The addition of nivolumab to AVD chemotherapy (N-AVD) has shown superior progression-free survival (PFS) compared to the standard brentuximab vedotin plus AVD (BV-AVD) in patients with advanced classical Hodgkin lymphoma (cHL). The SWOG S1826 trial (NCT03907488) presented at the NCCN 2024 Annual Congress by Dr. Iris Isufi, indicates that N-AVD also boasts a more favorable toxicity profile, especially for patients 60 years and older.

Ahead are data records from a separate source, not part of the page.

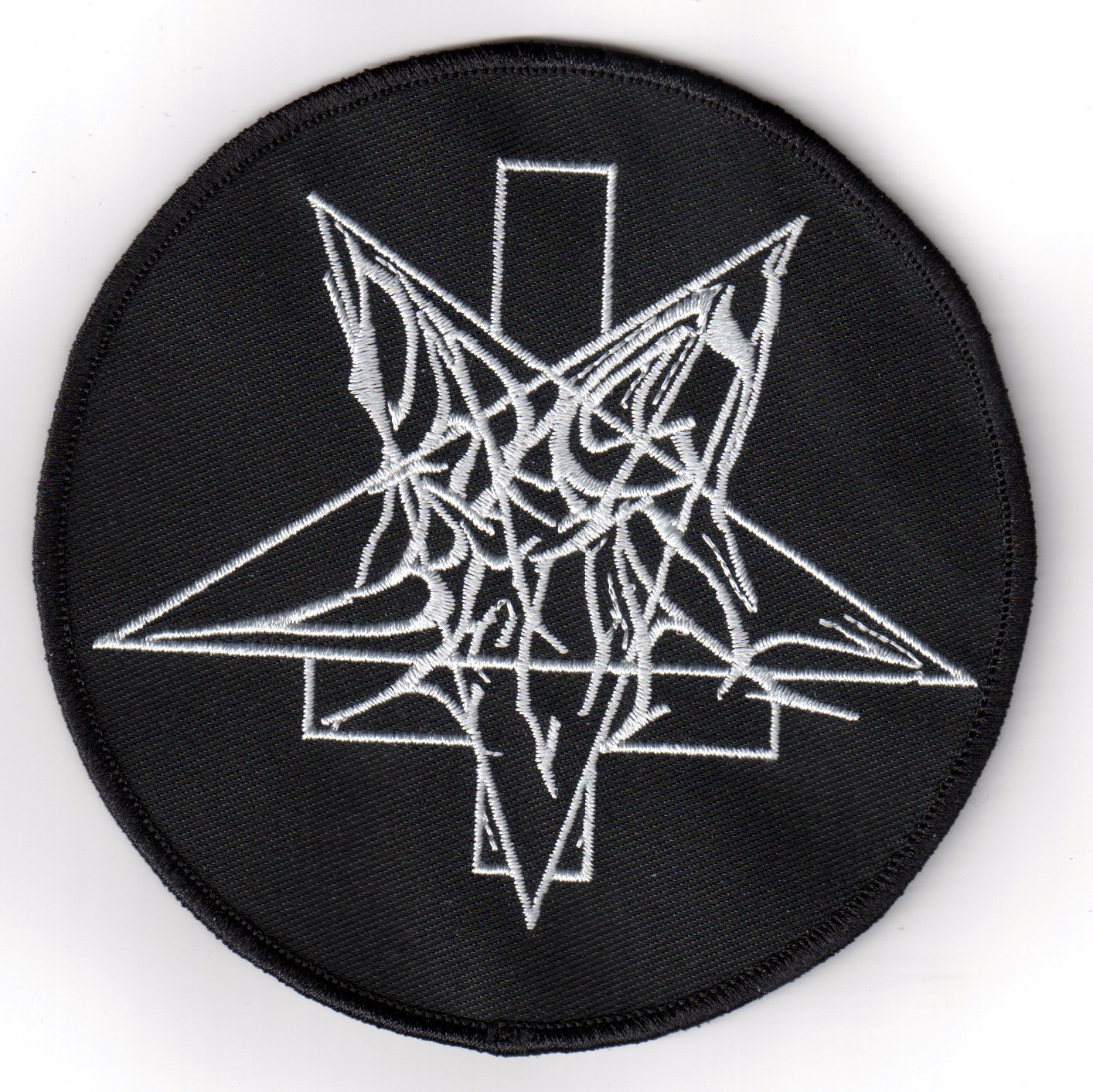 Paragon Belial – Logo Patch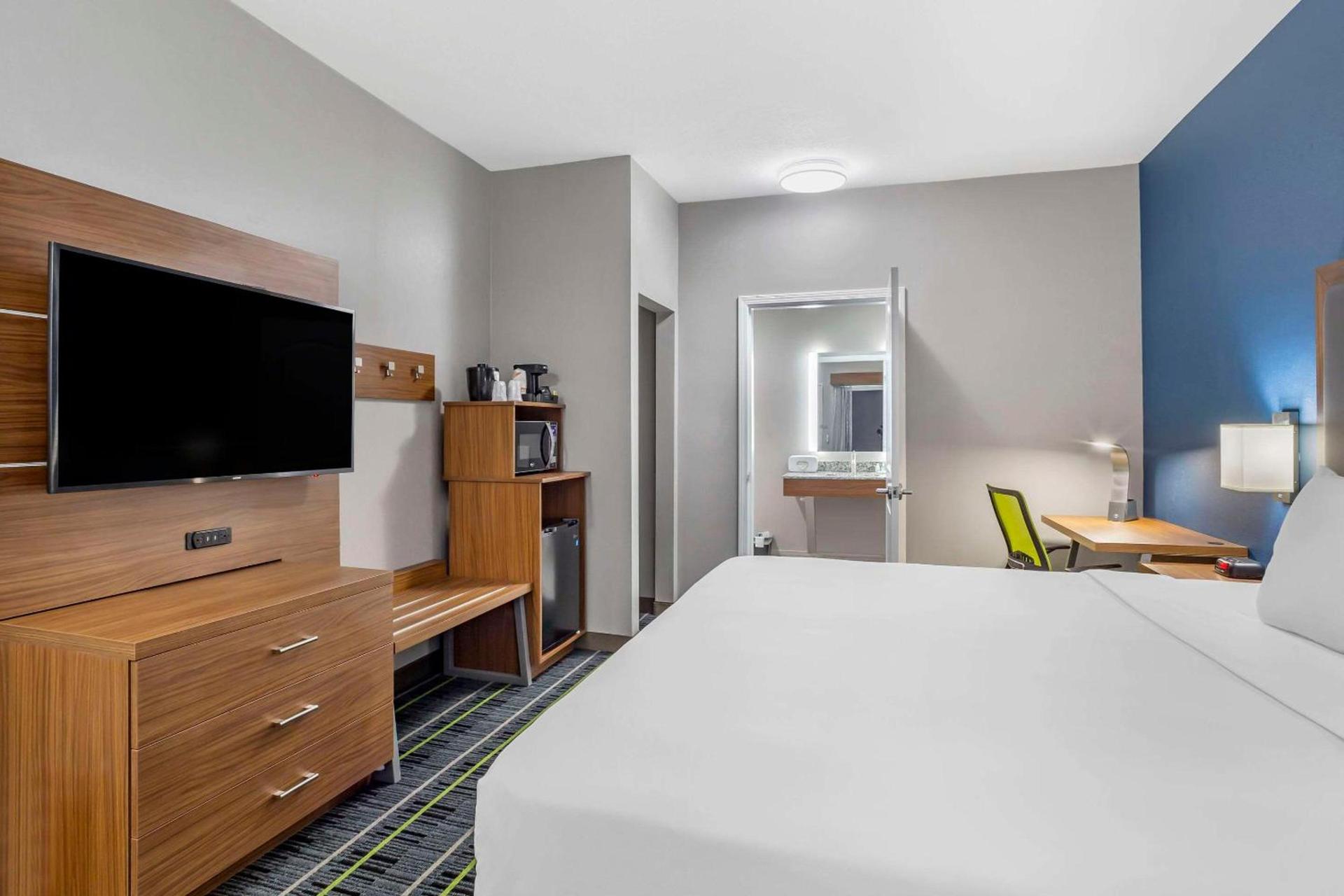 Quality Inn & Suites Livermore Wine Country photo 19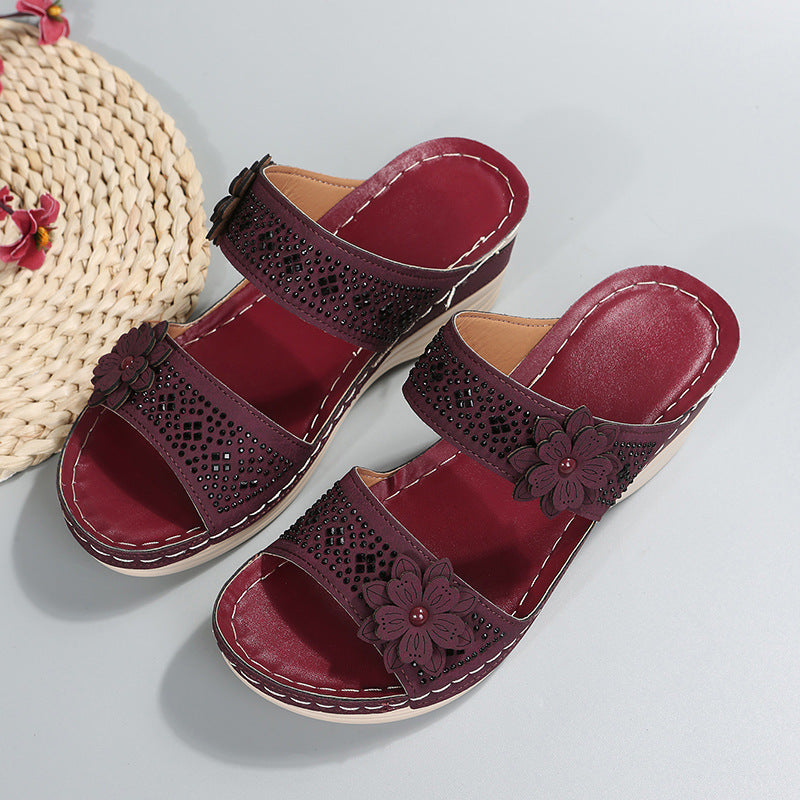The best Roman sandals of 2023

The SWOG S1826 trial, a randomized study, assigned newly diagnosed patients with stage III or IV Hodgkin lymphoma to either N-AVD (nivolumab, doxorubicin, vinblastine, and dacarbazine) or BV-AVD (brentuximab vedotin, doxorubicin, vinblastine, and dacarbazine). The results demonstrated a significant improvement in 1-year PFS rates with N-AVD at 94% (95% CI, 91%-96%) compared to 86% (95% CI, 82%-90%) for BV-AVD (HR, 0.48; 99% CI, 0.27–0.87; P = .0005).
Efficacy and Safety Outcomes
Event-free survival (EFS) rates at 1 year were also higher in the N-AVD arm at 91% (95% CI, 88%-94%) versus 84% (95% CI, 80%-88%) in the BV-AVD arm (HR, 0.56; 99% CI, 0.33-0.95). Overall survival (OS) rates at 1 year were 95% (range, 83%-99%) in the N-AVD arm versus 83% (range, 67%-92%) in the BV-AVD arm (HR, 0.35; 95% CI, 0.07-1.75; P = .091). Notably, the 1-year PFS rate for patients 60 years or older was 93% in the N-AVD arm versus 64% in the BV-AVD arm (HR, 0.35; 95% CI, 0.12-1.02; P = .022).
Regarding safety, hematologic adverse events (AEs) of any grade in the N-AVD versus BV-AVD arms included neutropenia (55% vs 32%), anemia (38% vs 44%), and thrombocytopenia (10% vs 17%). Infectious AEs showed no increase in infectious toxicity in the N-AVD arm. Immune-related AEs, such as transaminitis, were similar between the two arms. Hypothyroidism was more common in the N-AVD arm (7%), but mostly low grade.
Trial Design and Patient Population
In the trial, patients received either 240 mg of nivolumab or 1.2 mg/kg of brentuximab vedotin on days 1 and 15 of each cycle for 6 cycles, along with AVD chemotherapy. Granulocyte colony-stimulating factor was required for the BV-AVD arm but optional for the N-AVD arm. The primary endpoint was PFS, and secondary endpoints included EFS, OS, end-of-treatment complete metabolic response, and patient-reported outcomes.
Patient demographics were well balanced, with a median age of 27 years. The study included diverse populations, with 77% White, 12% Black, and 2% Asian participants. Key eligibility criteria included being 12 years or older, controlled HIV positivity, and adequate organ function. Exclusion criteria included interstitial lung disease, peripheral neuropathy, and active autoimmune disease.
Current Treatment Landscape and Future Directions
Dr. Isufi highlighted that while the ABVD regimen has been a standard treatment for advanced HL, it carries a risk of bleomycin-induced pulmonary toxicity. The BV-AVD regimen, as studied in the ECHELON-1 trial, improved OS compared to ABVD but may present increased toxicity in older patients. The HD21 trial explored BrECADD, showing high response rates and better tolerability than eBEACOPP.
Dr. Isufi concluded that data from these trials, including SWOG S1826, will inform future studies on de-escalation of therapy and tailoring treatment to individual patient needs, considering their fitness level, comorbidities, and ability to perform daily activities.